Everything is just a low resolution representation of a thing. The so-called reality we supposedly have access to is at best a small number of sound waves and photons hitting our face. So I don't buy this argument that symbols are categorically different. It's a gradient and symbols are more sparse and less rich of a data source, yes. But who are we to say where that hypothetical line exists, beyond which further compression of concepts into smaller numbers of buckets becomes a non-starter for intelligence and world modelling. And then there's multi modal LLMs which have access to data of a similar richness that humans have access to.
> If we accept the incompleteness theorem
And, by various universality theorems, a sufficiently large AGI could approximate any sequence of human neuron firings to an arbitrary precision. So if the incompleteness theorem means that neural nets can never find truth, it also means that the human brain can never find truth.
Human neuron firing patterns, after all, only represent a thing; they are not the same as the thing. Your experience of seeing something isn't recreating the physical universe in your head.
Reminds me of this [1] article. If us humans, after all these years we've been around, can't relay our thoughts exactly as we perceive them in our heads, what makes us think that we can make a model that does it better than us?
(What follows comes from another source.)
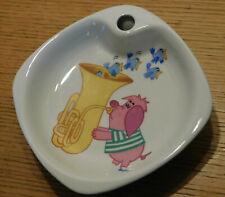 ASSIETTE CHAUFFANTE à bouillie bébé en PORCELAINE de LIMOGES solim barberousse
[1]: https://www.experimental-history.com/p/you-cant-reach-the-br...
I’m not a math guy but the incompleteness theorem applies to formal systems, right? I’ve never thought about LLMs as formal systems, but I guess they are?
I don't think you can apply the incompleteness theorem like that, LLMs aren't constrained to formal systems
> Language models aren't world models for the same reason languages aren't world models. > Symbols, by definition, only represent a thing. They are not the same as the thing. The map is not the territory, the description is not the described, you can't get wet in the word "water".
There is a lot of negatives in there, but I feel like it boils down to a model of a thing is not the thing. Well duh. It's a model. A map is a model.
> Symbols, by definition, only represent a thing.
This is missing the lesson of the Yoneda Lemma: symbols are uniquely identified by their relationships with other symbols. If those relationships are represented in text, then in principle they can be inferred and navigated by an LLM.
Some relationships are not represented well in text: tacit knowledge like how hard to twist a bottle cap to get it to come off, etc. We aren't capturing those relationships between all your individual muscles and your brain well in language, so an LLM will miss them or have very approximate versions of them, but... that's always been the problem with tacit knowledge: it's the exact kind of knowledge that's hard to communicate!